* [Provided data]
▼
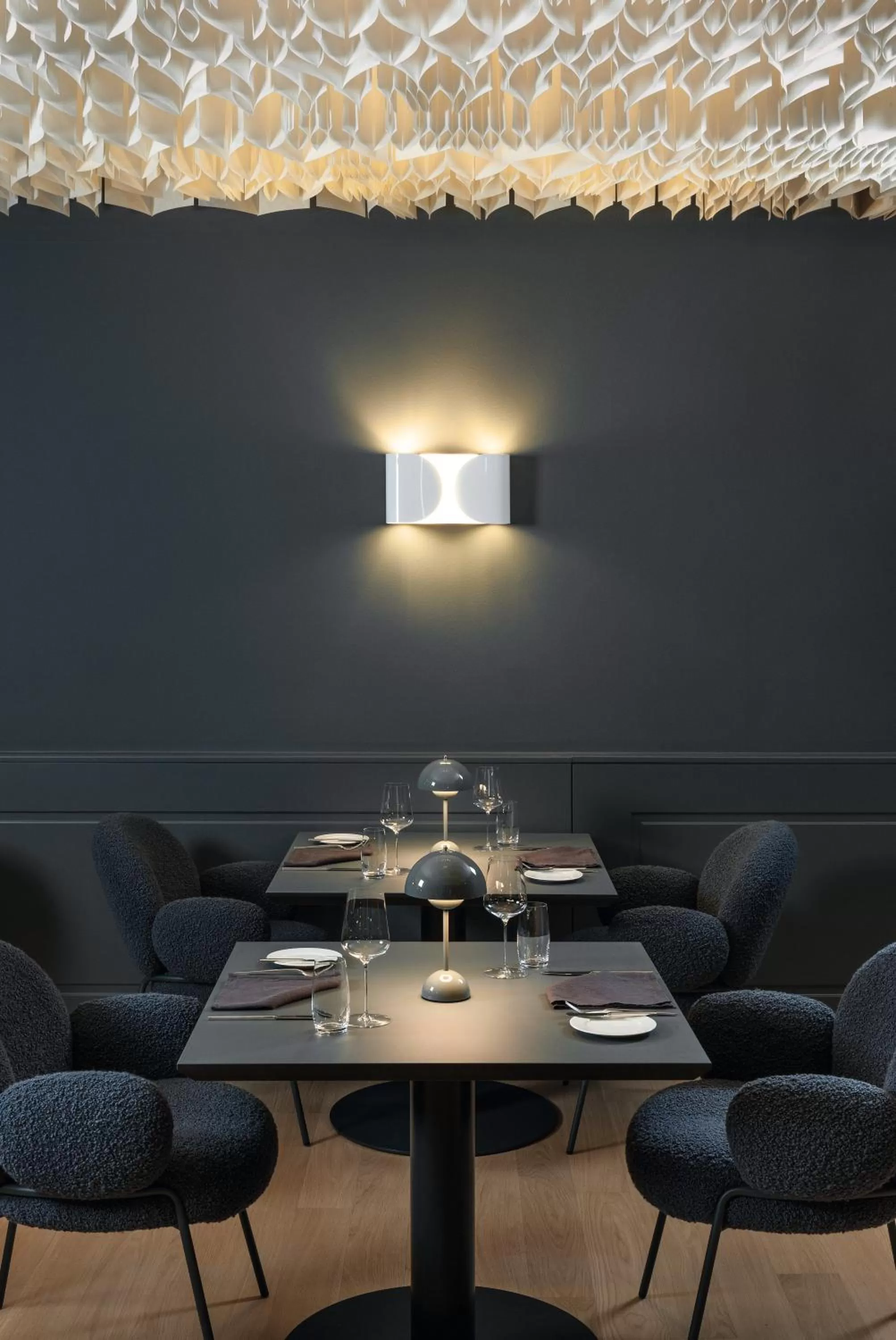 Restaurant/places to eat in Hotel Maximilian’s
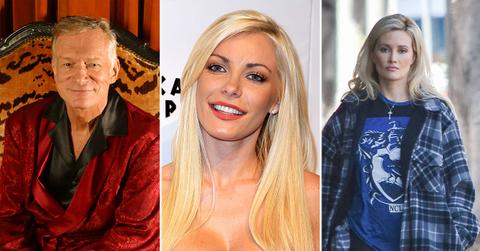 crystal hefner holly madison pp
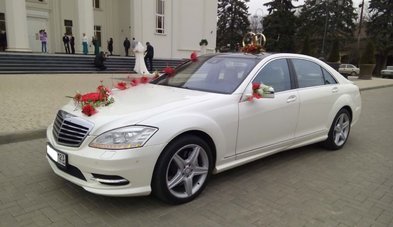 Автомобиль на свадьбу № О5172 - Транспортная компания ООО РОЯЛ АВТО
▲
* [Task requirements] Beginning at the line that contains "crystal hefner holly madison pp", retype each line of the data above through the very last one. Do not retype the pictures.

* [Output for this task]
 crystal hefner holly madison pp
 Автомобиль на свадьбу № О5172 - Транспортная компания ООО РОЯЛ АВТО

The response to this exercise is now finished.